- **ASSIGNMENT**: Everything from the line that holds "T/Sgt. Helen Wilson, Leona" through the end of the records below is to be transcribed exactly, except the pictures.

- **EXERCISE MATERIAL**:
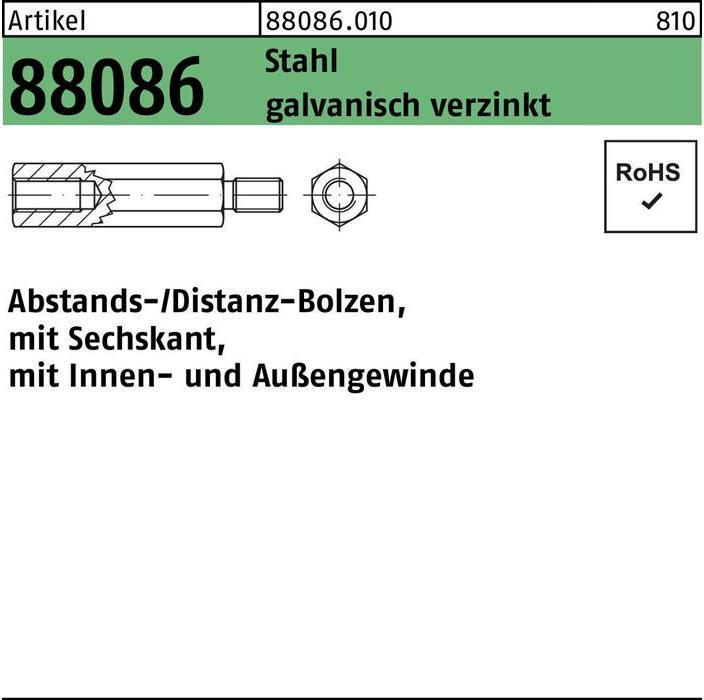 Immagine prodotto Bullone distanziatore esagonale R 88086 M 5 x 45/ 10 Filettatura interna/esterna acciaio gal Zn (100 Viti per pezzo)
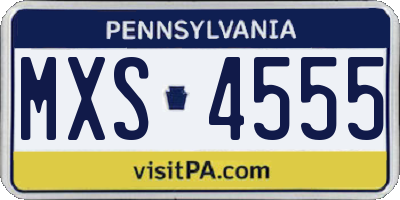 PA license plate MXS4555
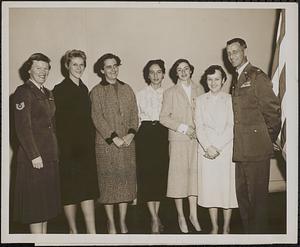 T/Sgt. Helen Wilson, Leona L. Blake, Mariel J. Adams, Priscilla A. Fontes, Theresa A. Ford, Arlene L. Waters, Maj. Roger F. Collins
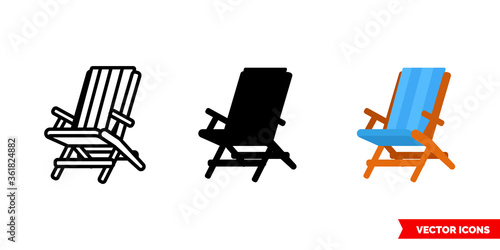 Chaise longue icon of 3 types. Isolated vector sign symbol.
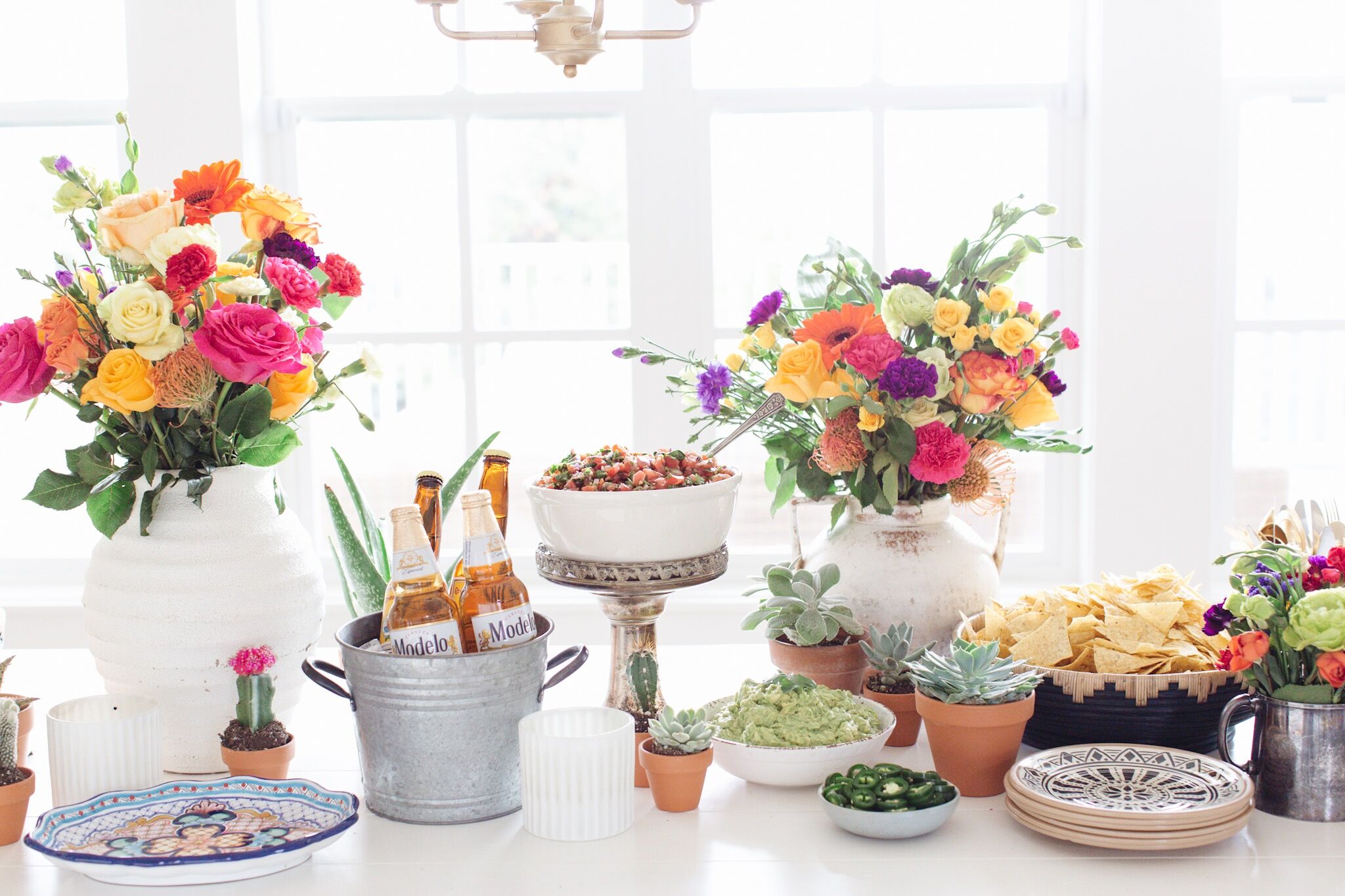 Cinco de Mayo Fraiche Table complete with a workback schedule, grocery list, menu, table setting inspiration and a tequila bar!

- **THE COMPLETED TASK**:
 T/Sgt. Helen Wilson, Leona L. Blake, Mariel J. Adams, Priscilla A. Fontes, Theresa A. Ford, Arlene L. Waters, Maj. Roger F. Collins
 Chaise longue icon of 3 types. Isolated vector sign symbol.
 Cinco de Mayo Fraiche Table complete with a workback schedule, grocery list, menu, table setting inspiration and a tequila bar!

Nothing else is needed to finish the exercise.